▶ [TASK STATEMENT]
Below, some lines carry pictures; leave those pictures out and retype exactly the lines from the one with "PINK Victoria's Secret" through the one with "Used 2019 Nissan Rogue SV AWD/4WD image 32".

▶ [RECORDS SUPPLIED]
==================================================

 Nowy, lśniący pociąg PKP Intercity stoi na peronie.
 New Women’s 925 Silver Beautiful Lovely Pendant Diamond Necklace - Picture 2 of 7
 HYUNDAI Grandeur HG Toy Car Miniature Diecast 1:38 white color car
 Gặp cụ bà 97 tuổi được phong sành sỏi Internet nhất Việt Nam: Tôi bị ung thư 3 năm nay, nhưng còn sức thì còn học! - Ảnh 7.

==================================================

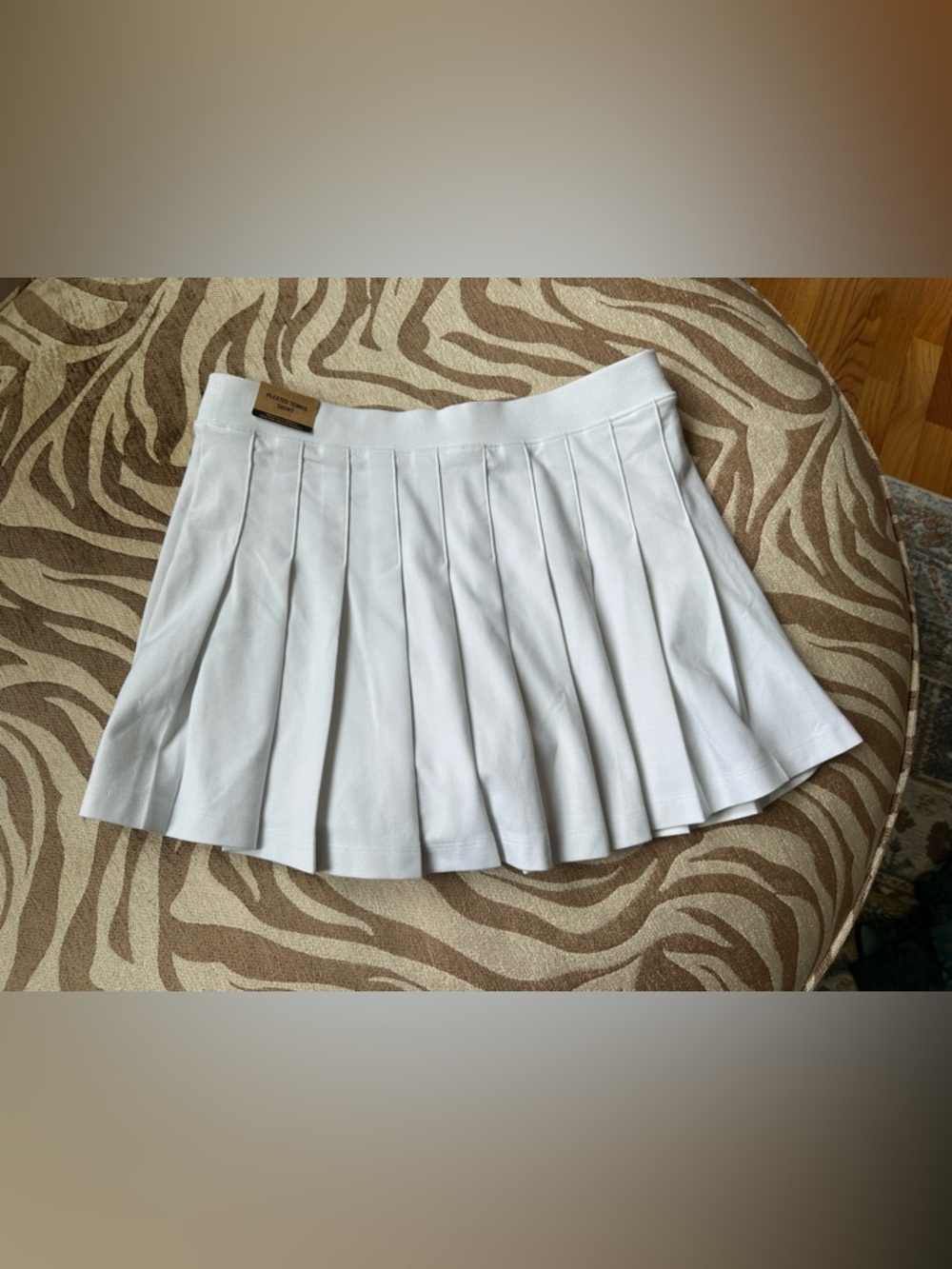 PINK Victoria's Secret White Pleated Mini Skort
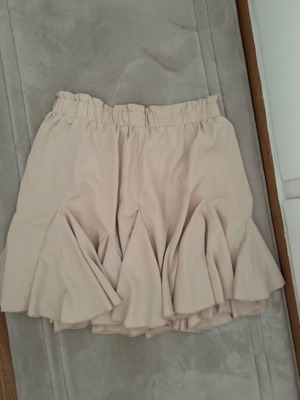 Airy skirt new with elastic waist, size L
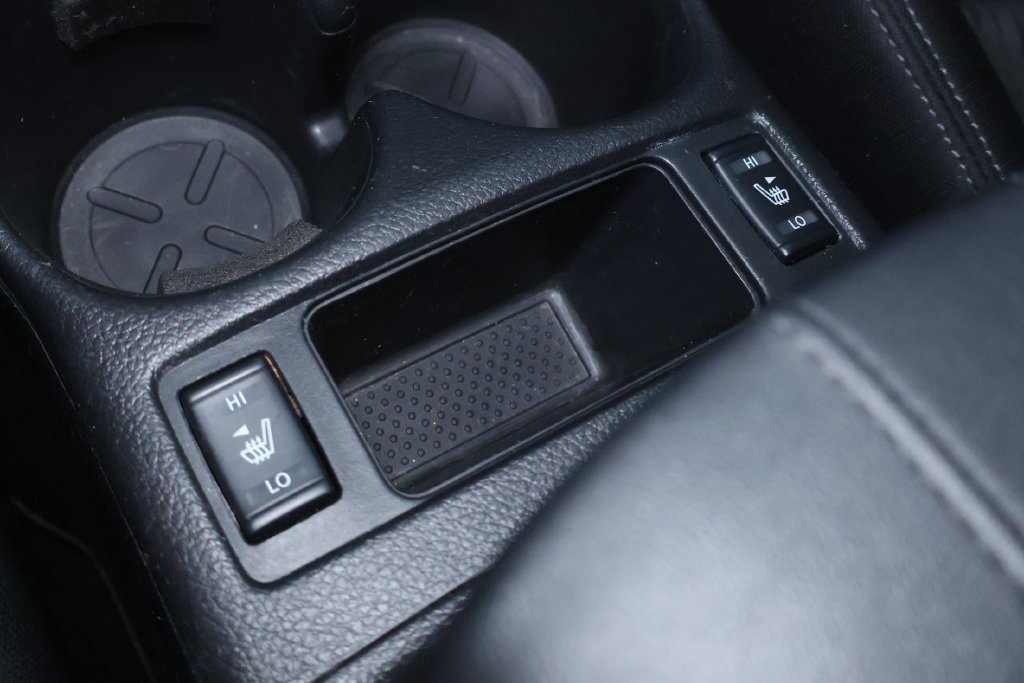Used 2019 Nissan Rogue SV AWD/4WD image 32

==================================================

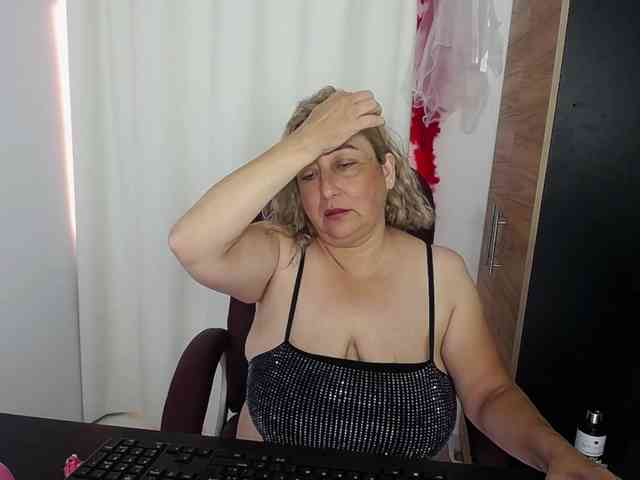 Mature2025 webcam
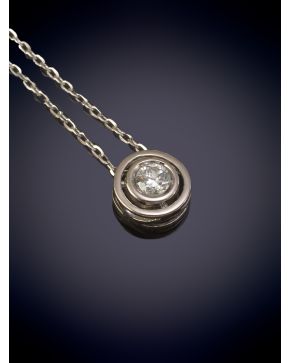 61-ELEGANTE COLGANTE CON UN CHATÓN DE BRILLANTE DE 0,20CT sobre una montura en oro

==================================================

▶ [EXPECTED ANSWER]
 PINK Victoria's Secret White Pleated Mini Skort
 Airy skirt new with elastic waist, size L
Used 2019 Nissan Rogue SV AWD/4WD image 32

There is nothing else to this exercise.